#### [Data supplied]
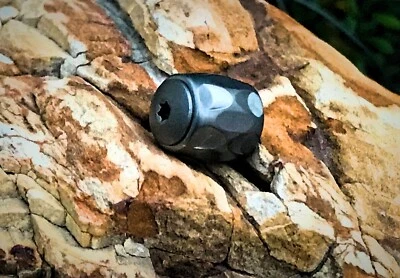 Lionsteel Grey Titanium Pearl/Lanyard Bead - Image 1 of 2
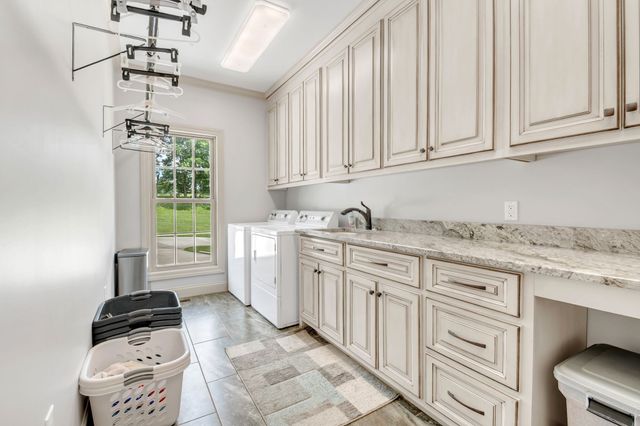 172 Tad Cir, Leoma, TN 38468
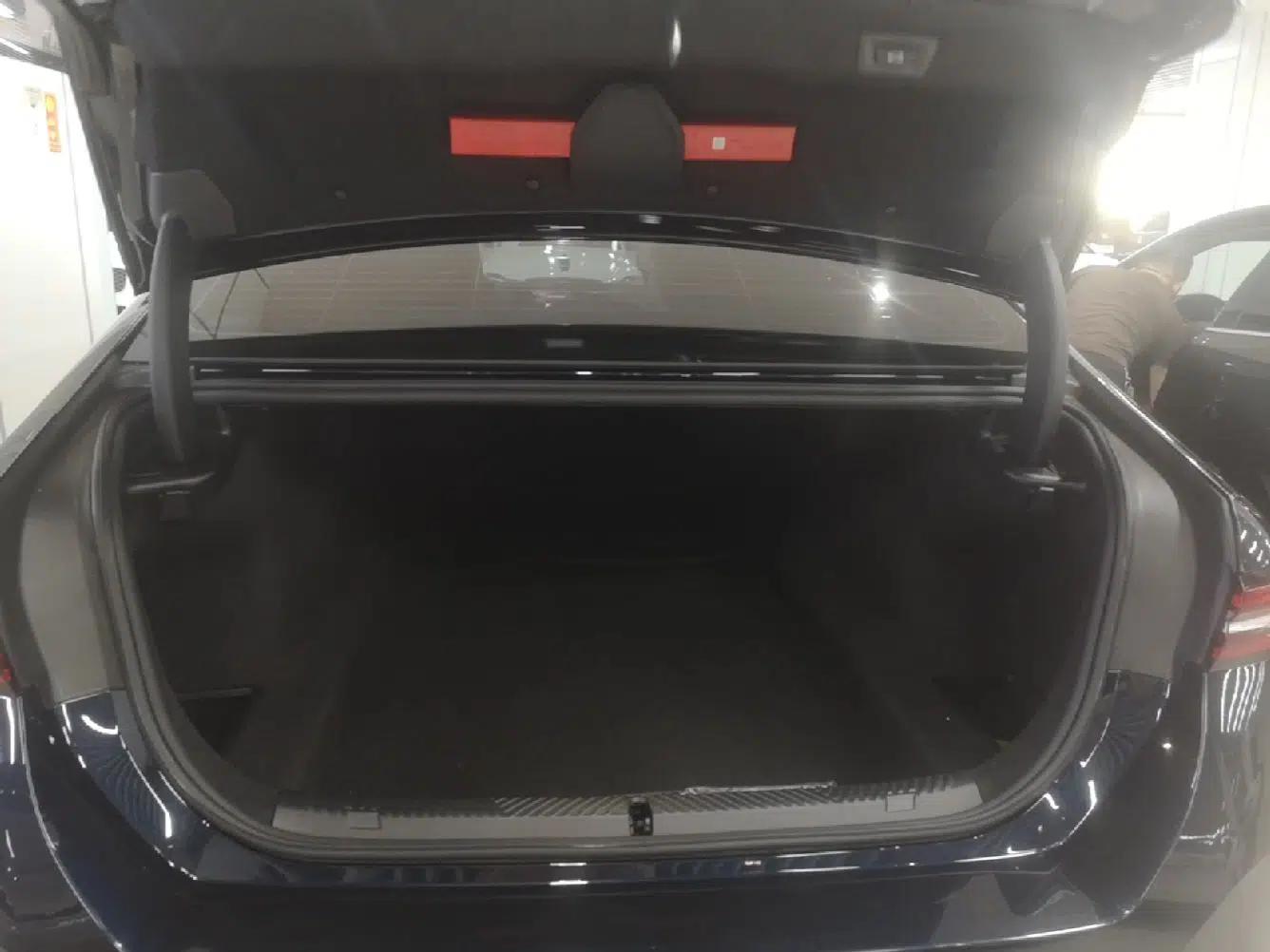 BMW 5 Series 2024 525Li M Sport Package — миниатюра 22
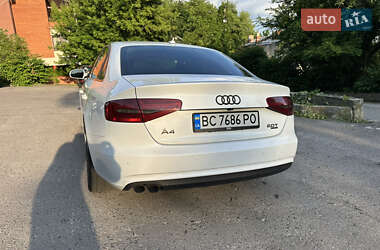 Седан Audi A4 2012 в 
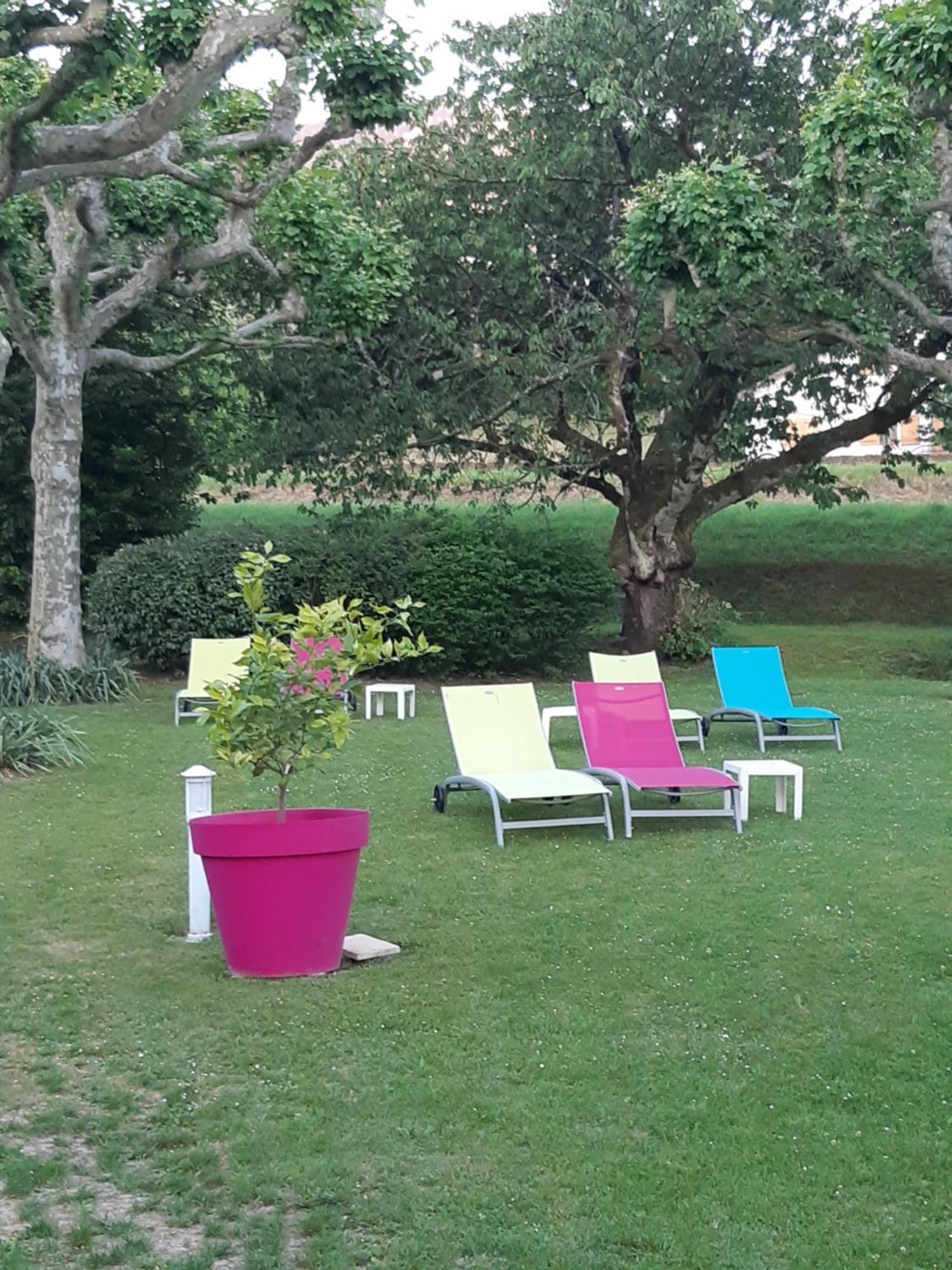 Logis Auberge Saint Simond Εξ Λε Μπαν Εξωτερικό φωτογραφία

#### [What to produce]
Copy the listing exactly. Any image in it stays out of the copy.

#### [Exercise response]
 Lionsteel Grey Titanium Pearl/Lanyard Bead - Image 1 of 2
 172 Tad Cir, Leoma, TN 38468
 BMW 5 Series 2024 525Li M Sport Package — миниатюра 22
 Седан Audi A4 2012 в 
 Logis Auberge Saint Simond Εξ Λε Μπαν Εξωτερικό φωτογραφία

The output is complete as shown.